Prompt:
Taking the line with "Top sin mangas" as the first and the line with "Улыбающийся пожилой мужчина" as the last, set down the lines below exactly, pictures excluded.

Listed entries:

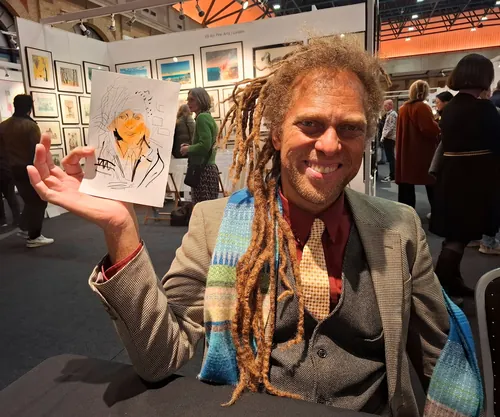 Man with dreadlocks smiling and holding ink and watercolor portrait by Tallon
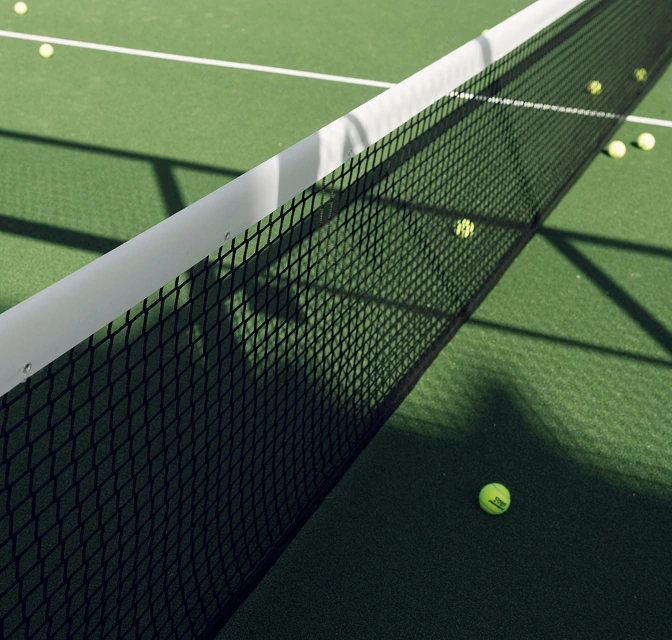 Close-up of a padel net with balls scattered on the court at the ReServe padel facility at The Seagate Delray Racquet Club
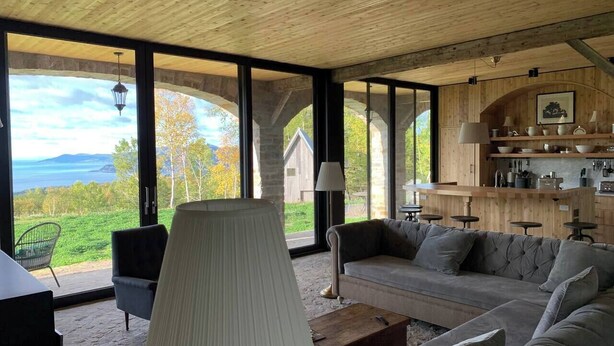 Una sala de estar moderna con un ventanal grande, un sofá, una lámpara y vistas al exterior.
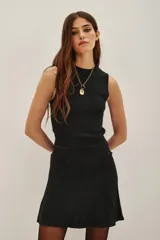 Top sin mangas con cuello halter, confeccionado en tejido de punto con acabado metalizado. Presenta un ajuste al cuerpo y diseño minimalista.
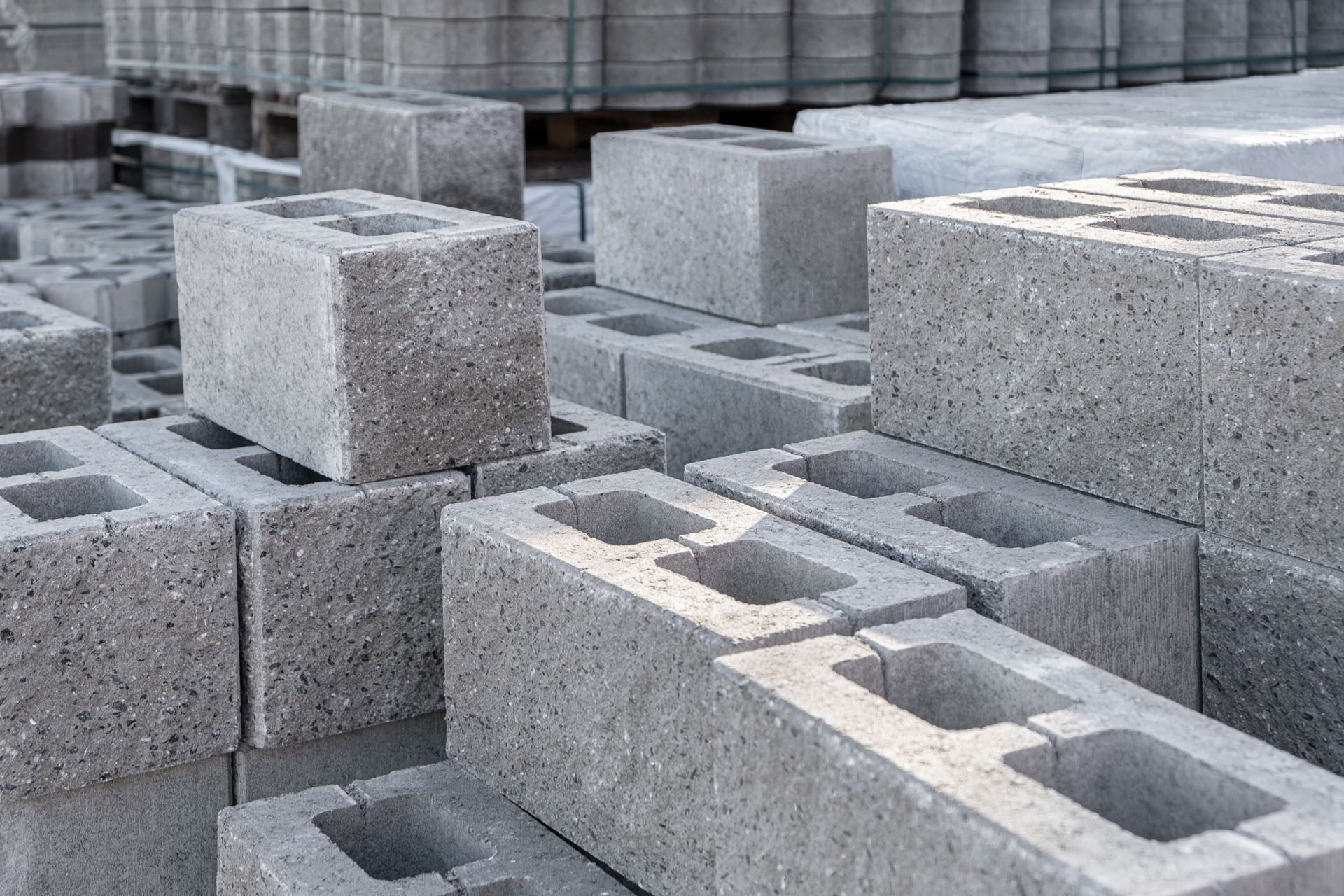 Gray concrete blocks stacked at a construction site.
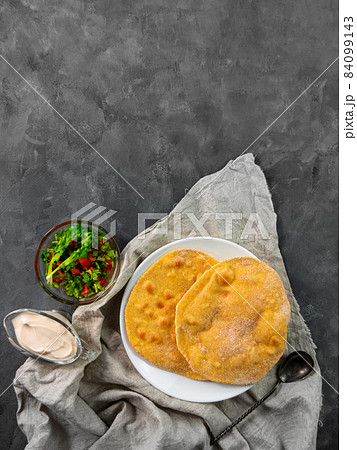 Homemade corn flatbread with cilantro green tomato salsa. Handmade mexican tortilla authentic textile Traditional Indian Homemade corn flatbread with cilantro green tomato salsa. Handmade mexican tortilla authentic textile Traditional Indian 84099143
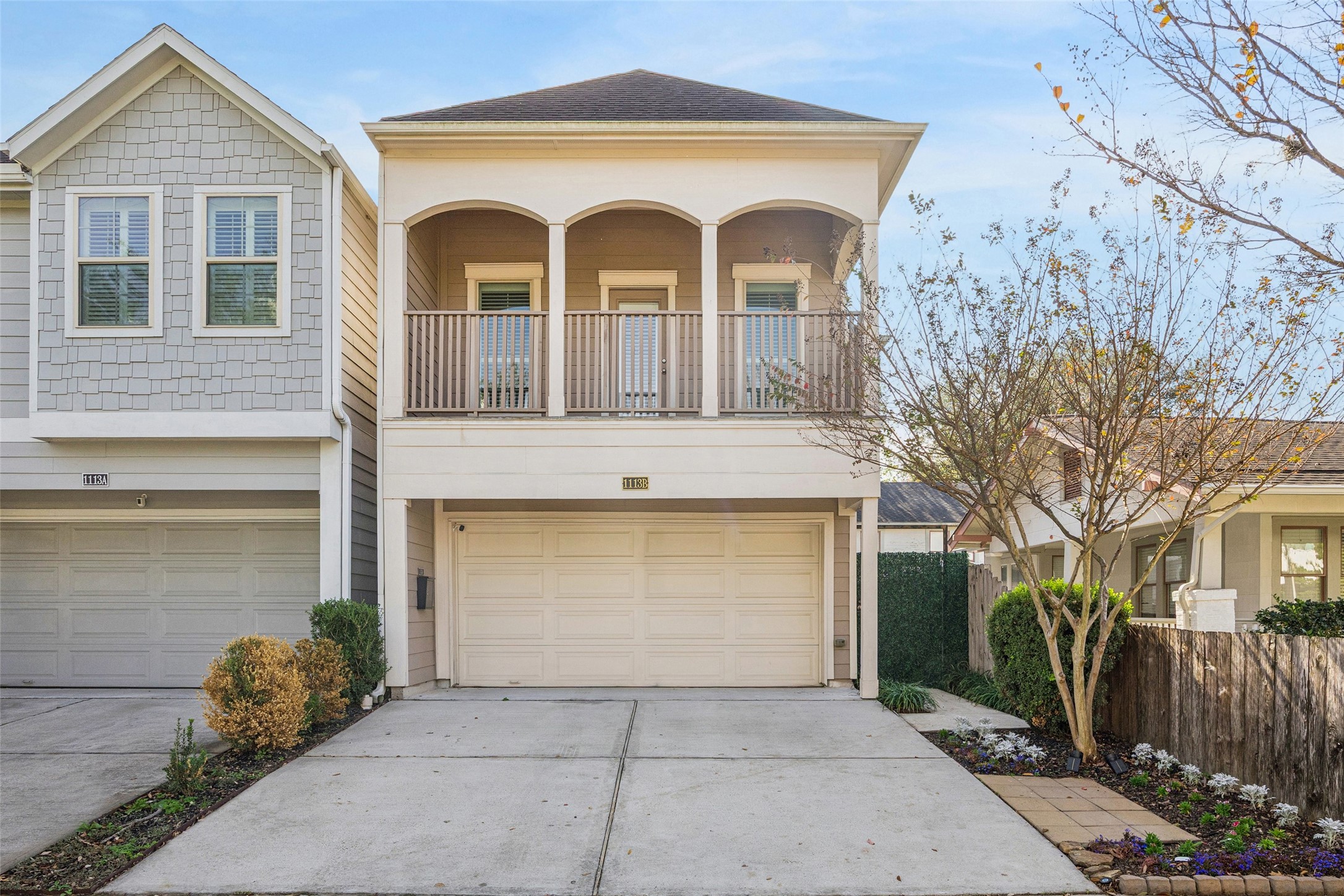 a front view of a house with garage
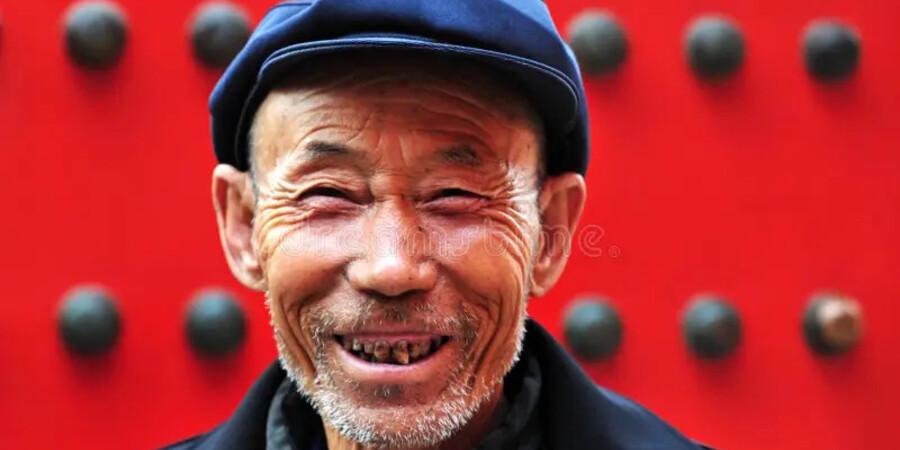 Улыбающийся пожилой мужчина на фоне красной стены с металлическими шипами.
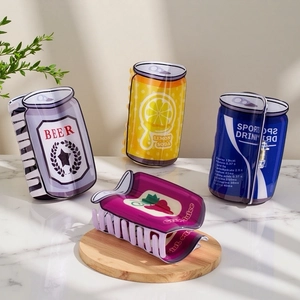 Set of four creative PVC beer and soda can hair claws on a marble and wood surface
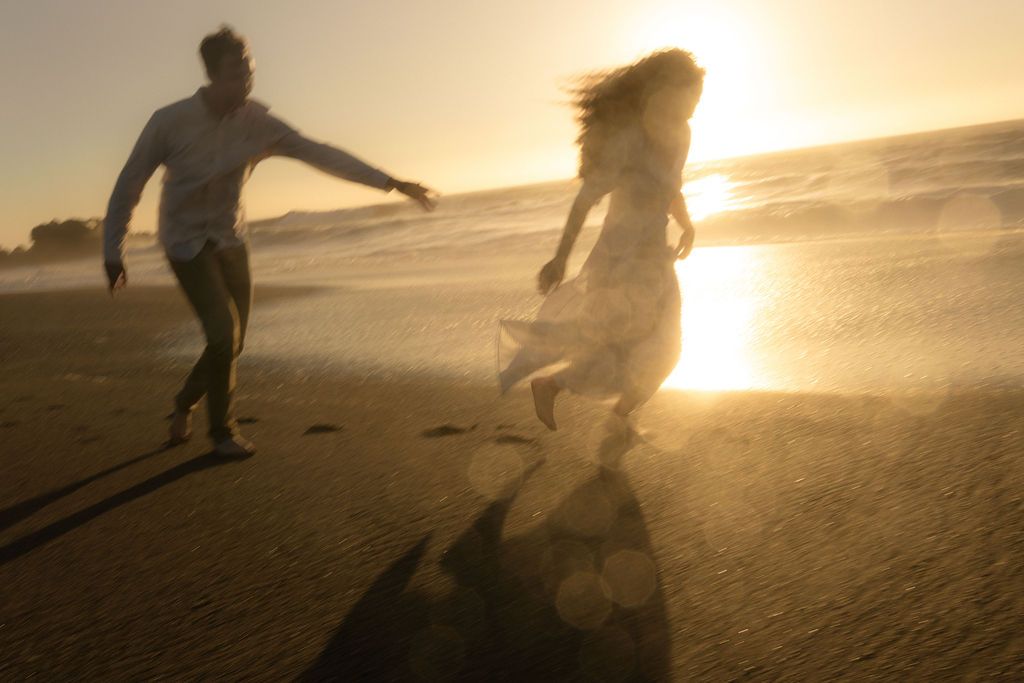 Couple playing and chasing each other across the sand at sunset, joyful coastal couples session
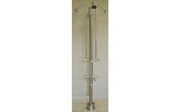 Free-standing metal outdoor shower fixture with four spray heads, curved arms, foot pedal, and hose connection.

Expected answer:
 Top sin mangas con cuello halter, confeccionado en tejido de punto con acabado metalizado. Presenta un ajuste al cuerpo y diseño minimalista.
 Gray concrete blocks stacked at a construction site.
 Homemade corn flatbread with cilantro green tomato salsa. Handmade mexican tortilla authentic textile Traditional Indian Homemade corn flatbread with cilantro green tomato salsa. Handmade mexican tortilla authentic textile Traditional Indian 84099143
 a front view of a house with garage
 Улыбающийся пожилой мужчина на фоне красной стены с металлическими шипами.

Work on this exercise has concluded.